Près de neuf ans plus tard, les familles, amis et collègues de Zaida Catalán et de Michael Sharp attendent toujours que justice soit rendue.
Les deux enquêteurs avaient été enlevés et exécutés alors qu’ils documentaient des massacres perpétrés dans la région du Kasaï, en RD Congo. Si le gouvernement du président Joseph Kabila a initialement imputé les meurtres à la milice Kamuina Nsapu, des reportages courageux de journalistes congolais et internationaux ont mis en évidence le rôle de hauts responsables de l’État.

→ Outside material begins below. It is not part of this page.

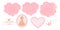 Set of cute pink vector stamps.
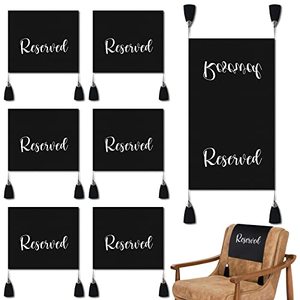 lot 12904 image: Buryeah 6 Pieces Reserve Cloth Reserved Seating Placeholder Reserved Signs for Church Pews Church Pew Reserved Signs Reserved Chair Signs with Hanging Spikes for Wedding Celebrations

Bien qu’un tribunal militaire congolais ait condamné plus de 50 personnes en 2022 pour leur implication dans les meurtres de Zaida Catalán et de Michael Sharp, le procès n’a pas pris en compte les preuves de complicité de l’État, notamment des images vidéo montrant des agents gouvernementaux facilitant le déplacement des experts vers le lieu de l’embuscade. Il a été entaché d’autres irrégularités, notamment des accusés jugés par contumace et des allégations de subornation de témoins. Une décision en appel est attendue prochainement.
La semaine dernière, la Commission nationale des droits de l’homme (CNDH) de la RD Congo a publié un communiqué exhortant le pouvoir judiciaire à examiner le rôle de tous les individus cités dans les enquêtes officielles, y compris celles qui auraient commandité le double meurtre, avant la clôture du dossier. La Commission a également appelé la justice à prendre toutes les mesures nécessaires pour élucider le sort des quatre Congolais qui accompagnaient les experts et à garantir que justice soit également rendue pour les nombreuses victimes congolaises des tueries de masse dans la région du Kasaï. Paul Nsapu, le président de la Commission, a ensuite accordé une interview à Radio France Internationale, réitérant ces appels et ajoutant qu’il disposait de preuves pouvant permettre de « remonter jusqu’aux commanditaires, jusqu’aux auteurs intellectuels ».
Les autorités congolaises devraient tenir compte de ces appels. Les familles de Michael Sharp et de Zaida Catalán, ainsi que celles des victimes congolaises, méritent que toute la vérité soit faite. Une justice digne de ce nom implique de démasquer et de poursuivre tous les responsables, quels que soient leur rang, et de promouvoir un État de droit qui protège les défenseurs des droits humains.